I am delighted to share Philip's good news. Philip's book Destiny's Rebel is the result of his hard work and refusal to give up. Here he describes his journey to publication, and offers hope to those still trying for the elusive deal. (Charlotte Comley)
I wonder if you’ve heard (as I have) that it’s impossible for an unknown author with a debut novel to get a traditional publishing contract. Those who say this imply that we shouldn’t bother with submitting to literary agents or traditional publishers, because we’re only setting ourselves up for rejection.
I’m here to tell you that they’re wrong. It is possible, because I’ve done it with my Destiny’s Rebel, and others have too. I admit that it’s still very hard, but it’s not impossible. And I reckon that if I can do it, then there must be others who can get here too.

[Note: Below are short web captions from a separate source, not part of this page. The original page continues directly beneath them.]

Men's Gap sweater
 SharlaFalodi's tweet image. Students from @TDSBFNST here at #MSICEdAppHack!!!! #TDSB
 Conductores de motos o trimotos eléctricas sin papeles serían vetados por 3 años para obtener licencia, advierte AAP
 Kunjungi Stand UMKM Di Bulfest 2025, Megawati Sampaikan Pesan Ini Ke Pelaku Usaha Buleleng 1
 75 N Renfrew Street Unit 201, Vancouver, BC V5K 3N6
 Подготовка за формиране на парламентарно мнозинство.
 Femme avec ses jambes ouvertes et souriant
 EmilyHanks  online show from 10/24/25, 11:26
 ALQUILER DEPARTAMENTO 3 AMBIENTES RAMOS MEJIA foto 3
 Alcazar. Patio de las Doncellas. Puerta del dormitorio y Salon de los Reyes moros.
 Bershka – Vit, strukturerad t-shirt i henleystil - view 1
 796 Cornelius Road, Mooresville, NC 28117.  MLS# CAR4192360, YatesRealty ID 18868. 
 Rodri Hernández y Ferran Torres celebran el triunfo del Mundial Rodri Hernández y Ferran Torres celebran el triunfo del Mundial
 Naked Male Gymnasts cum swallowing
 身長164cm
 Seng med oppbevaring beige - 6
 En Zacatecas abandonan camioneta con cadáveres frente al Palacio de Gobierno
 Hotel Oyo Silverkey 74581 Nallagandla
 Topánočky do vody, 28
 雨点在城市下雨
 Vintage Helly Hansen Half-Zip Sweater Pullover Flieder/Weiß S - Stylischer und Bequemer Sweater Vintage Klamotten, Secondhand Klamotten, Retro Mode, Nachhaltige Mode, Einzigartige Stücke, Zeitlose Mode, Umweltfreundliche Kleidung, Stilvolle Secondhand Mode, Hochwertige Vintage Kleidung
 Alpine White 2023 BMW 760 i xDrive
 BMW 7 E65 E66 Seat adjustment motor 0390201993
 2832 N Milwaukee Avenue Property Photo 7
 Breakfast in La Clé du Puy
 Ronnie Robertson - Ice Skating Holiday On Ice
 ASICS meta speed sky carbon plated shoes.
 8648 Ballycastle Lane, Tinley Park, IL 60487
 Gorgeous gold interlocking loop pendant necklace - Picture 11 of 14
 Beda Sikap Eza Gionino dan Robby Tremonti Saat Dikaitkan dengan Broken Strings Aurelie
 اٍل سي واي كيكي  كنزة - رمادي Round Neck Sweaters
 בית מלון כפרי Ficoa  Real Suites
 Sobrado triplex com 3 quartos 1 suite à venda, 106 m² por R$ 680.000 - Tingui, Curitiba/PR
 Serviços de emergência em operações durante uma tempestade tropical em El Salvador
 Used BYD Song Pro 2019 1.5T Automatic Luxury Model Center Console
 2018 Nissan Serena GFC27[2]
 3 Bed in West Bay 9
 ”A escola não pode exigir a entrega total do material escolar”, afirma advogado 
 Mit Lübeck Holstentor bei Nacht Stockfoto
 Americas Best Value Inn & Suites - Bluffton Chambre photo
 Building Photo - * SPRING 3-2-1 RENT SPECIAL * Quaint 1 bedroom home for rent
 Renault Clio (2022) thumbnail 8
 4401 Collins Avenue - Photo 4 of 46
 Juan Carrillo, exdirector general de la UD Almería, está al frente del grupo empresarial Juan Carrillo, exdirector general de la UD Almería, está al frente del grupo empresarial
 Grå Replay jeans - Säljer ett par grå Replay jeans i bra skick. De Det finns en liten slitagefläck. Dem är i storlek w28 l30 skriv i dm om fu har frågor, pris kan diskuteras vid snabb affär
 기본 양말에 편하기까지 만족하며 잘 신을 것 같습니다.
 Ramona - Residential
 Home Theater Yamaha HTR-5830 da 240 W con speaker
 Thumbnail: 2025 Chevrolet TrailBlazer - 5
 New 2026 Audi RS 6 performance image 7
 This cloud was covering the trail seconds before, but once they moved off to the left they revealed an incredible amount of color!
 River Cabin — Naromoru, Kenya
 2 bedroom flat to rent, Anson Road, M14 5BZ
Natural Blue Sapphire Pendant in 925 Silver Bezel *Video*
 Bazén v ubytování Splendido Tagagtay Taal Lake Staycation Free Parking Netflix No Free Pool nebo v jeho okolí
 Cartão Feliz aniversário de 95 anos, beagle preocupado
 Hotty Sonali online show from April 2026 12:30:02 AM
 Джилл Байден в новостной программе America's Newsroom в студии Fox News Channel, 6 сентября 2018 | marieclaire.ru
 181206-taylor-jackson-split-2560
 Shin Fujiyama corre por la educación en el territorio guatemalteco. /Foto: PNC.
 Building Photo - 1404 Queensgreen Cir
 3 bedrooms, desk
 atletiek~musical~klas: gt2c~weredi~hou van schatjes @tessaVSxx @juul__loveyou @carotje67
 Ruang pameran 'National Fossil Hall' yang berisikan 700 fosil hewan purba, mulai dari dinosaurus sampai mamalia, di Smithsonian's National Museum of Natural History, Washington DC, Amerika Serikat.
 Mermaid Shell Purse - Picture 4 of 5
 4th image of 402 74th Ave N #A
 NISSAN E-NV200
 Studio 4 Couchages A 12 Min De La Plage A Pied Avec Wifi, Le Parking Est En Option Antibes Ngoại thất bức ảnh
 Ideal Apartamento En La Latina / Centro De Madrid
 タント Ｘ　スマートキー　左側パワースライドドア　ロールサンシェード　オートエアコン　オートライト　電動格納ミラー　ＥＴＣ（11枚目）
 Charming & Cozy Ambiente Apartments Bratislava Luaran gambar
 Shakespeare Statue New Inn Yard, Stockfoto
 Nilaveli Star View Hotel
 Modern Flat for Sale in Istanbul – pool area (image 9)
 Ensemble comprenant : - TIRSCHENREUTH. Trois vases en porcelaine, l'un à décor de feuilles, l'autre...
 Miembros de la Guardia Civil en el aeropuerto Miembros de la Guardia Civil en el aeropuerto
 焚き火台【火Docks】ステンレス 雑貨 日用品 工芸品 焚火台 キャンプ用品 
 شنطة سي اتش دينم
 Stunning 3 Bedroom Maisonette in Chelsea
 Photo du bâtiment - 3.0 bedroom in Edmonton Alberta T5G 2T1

I started writing fiction in 2009, and after trying my hand at a few short stories, I had an idea for a novel. So I sat down and wrote it, over the course of a couple of months. I didn’t know what I was doing, in terms of structure, characterisation or story arcs, but I felt it was a good story. I’d always enjoyed fantasy, so that’s what it was, set in my own imaginary world, and because my heroine was 17/18, I later learned that I’d written it for Teens/Young Adults.
Without the help of an organisation like SCBWI to guide me, I started sending my first draft out to literary agents. Feel free to laugh, because I’m amazed now at my own stupidity and inexperience too. But among those first rejection letters, I had personal responses and encouragement, and only now do I realise how unusual that is.
I submitted to literary agents (and a few publishers) over the course of three or four years. So my file of rejection letters is now 70 or 80 strong, but I persevered. Last year I heard a literary agent say that her agency takes on roughly one out of every ten thousand submissions. That means that our books need to be in the top 0.01% of submissions. But we’ve all heard of new authors who have “made it”, haven’t we? They hit the headlines with their six-figure advances, so why couldn’t that be us?
At the same time as persevering with submissions for three or four years, I was learning in other directions too. I endeavoured to learn the craft of writing novels. Some go on courses, but I learned what I could from “how to” books and from joining writing groups. I also persevered with my own story. As soon as I learned new writing techniques (structure, style, plotting, character arcs, etc.), I applied them to my draft novel. Although it may be the wrong way round – to write a novel, and then learn how to do it – I had something to work on as I learned.
In 2013 a small traditional publisher (Books to Treasure) posted in a Facebook group that they were open for submissions. It turned out that they were looking for teenage fantasy. But my story still had to be good enough for them to risk putting their money behind it. I like to think that my years of perseverance paid off, because they sent me a contract. Needless to say, that has been the best experience of my writing career so far.
My publishing editor (Adrianne Fitzpatrick) has taken the trouble to get to know my characters and my world, because they’d like to publish the ongoing series. The submission, acquisition and revision process has still taken a couple of years to get to a published book, but I feel it was well worth the wait.
At any point I could have self-published, but all along I felt that my story could still be better. Yes, I’m a perfectionist, and still can’t claim that it’s perfect. But I also wanted to see if I could “make it” – to be a traditionally published author. I’d had sufficient encouragement along the way to keep me persevering.
So what do I suggest to other novel-writers? First of all, of course, to make your book the best that you possibly can. But secondly, if you’re fed up with rejections from literary agents, then try smaller traditional publishers. There are still those who accept un-agented submissions, and they may not launch you into the Big Time, but they strike me as the best way into the traditionally published market. You need to check out that they’re genuinely “traditional”, or in other words that the deal doesn’t ask for any of the author’s money.
It may be unfair, but it still seems to be the case that it’s being a traditionally published author that opens the doors to bookshops, schools, libraries, speaking engagements, and so on.
So I wish you the very best of luck.
Philip S Davies.
Author of “Destiny’s Rebel”, published by Books to Treasure, September 2015.